We've heard of it!
Tata's datacentre in the east end of London went titsup for two-hours on Thursday evening, following a power cut. Backup power systems also failed, downing servers belonging to hosting providers throughout three floors of the Stratford facility at about 5.20pm. Firms including C4L, ServerCity and Coreix were hit by the outage …
It's going on 40 years I've been working in the IT industry and I've been directly involved one way or another with dozens of installations with power backups of many sorts, and seen them activated many times.
They nearly always work as expected.
But when they do, hardly anyone notices and the event is not considered newsworthy.

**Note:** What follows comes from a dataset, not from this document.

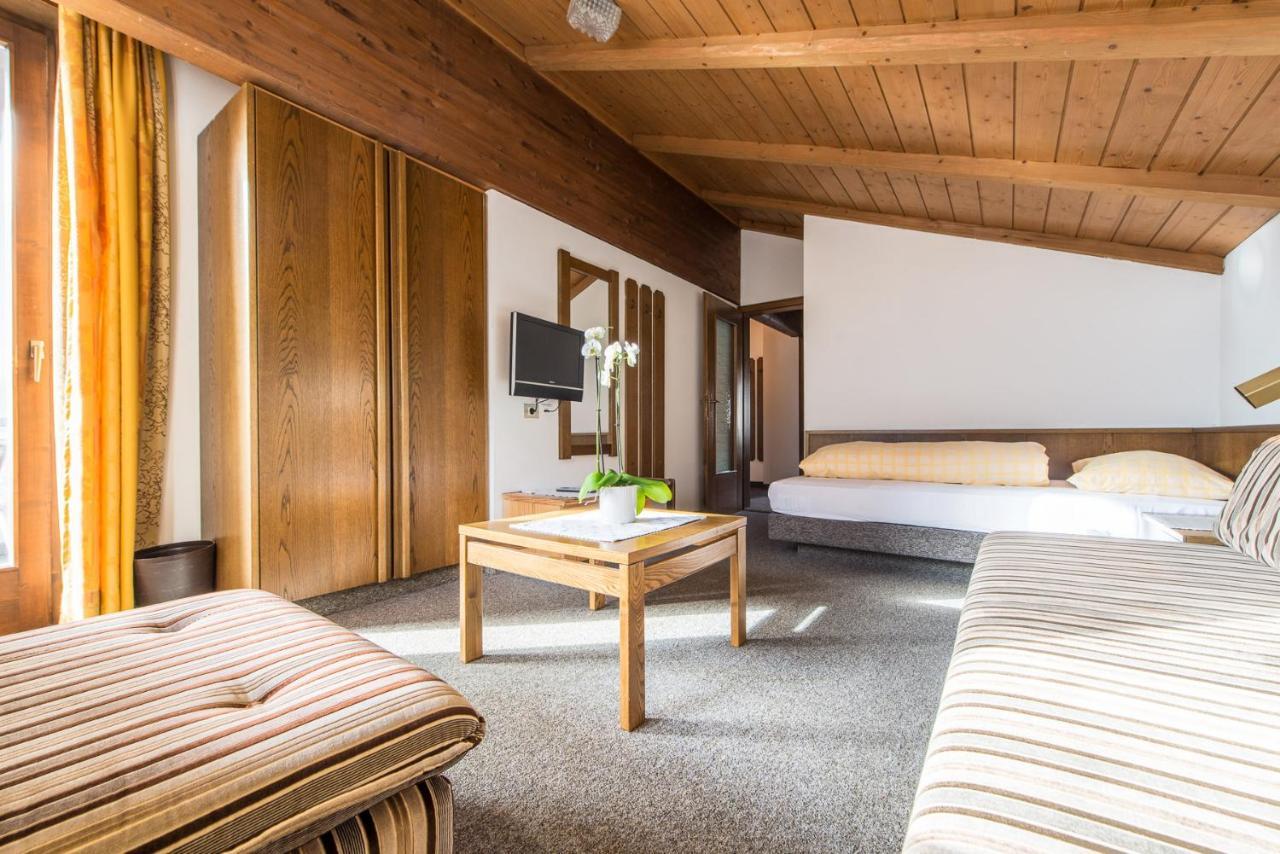 Hotel Tubris Sand in Taufers Exteriör bild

[IT? What's that? Don't we call it Data Processing anymore? What happened to my plug boards? Ah - there they are - behind my card boxes.]
I know what you're getting on to, but no, there are plenty of systems that have no problems at all because they have effective (and tested..) systems in place. However, a "Blackout Causes Failover System To Work As Expected!!" doesn't make quite as good a headlight as "Blackout Causes Failover to Fail Epically! Zombie incursions expected!!"

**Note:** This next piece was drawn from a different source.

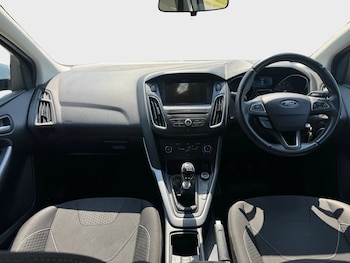 Used Ford Focus 2017 for sale - 79017895: Photo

Oh yeah, we suffered a massive spike in our data-centre's main power supply at about 11am one morning - our business's busiest trading period.
Of course our system worked - for all of the 9 seconds it took for the same spike to hit the secondary power supply and destroy the 10-year old UPS.
Lucky we had a separate disaster-recovery site 50 miles away - oh wait, the replication link hadn't been working for a few days and no-one had noticed.
IT companies never learn.
They do work, the thing is you never see the press crowing about "data centre in north london suffers short mains disruption, UPS and generator systems function as intended, nothing happened" because that wouldn't be news.
Now, if you don't build your data centre properly, don't maintain it properly (like checking that the UPS is actually charging the batteries) and don't run tests (such as black building) you are in for a nasty surprise.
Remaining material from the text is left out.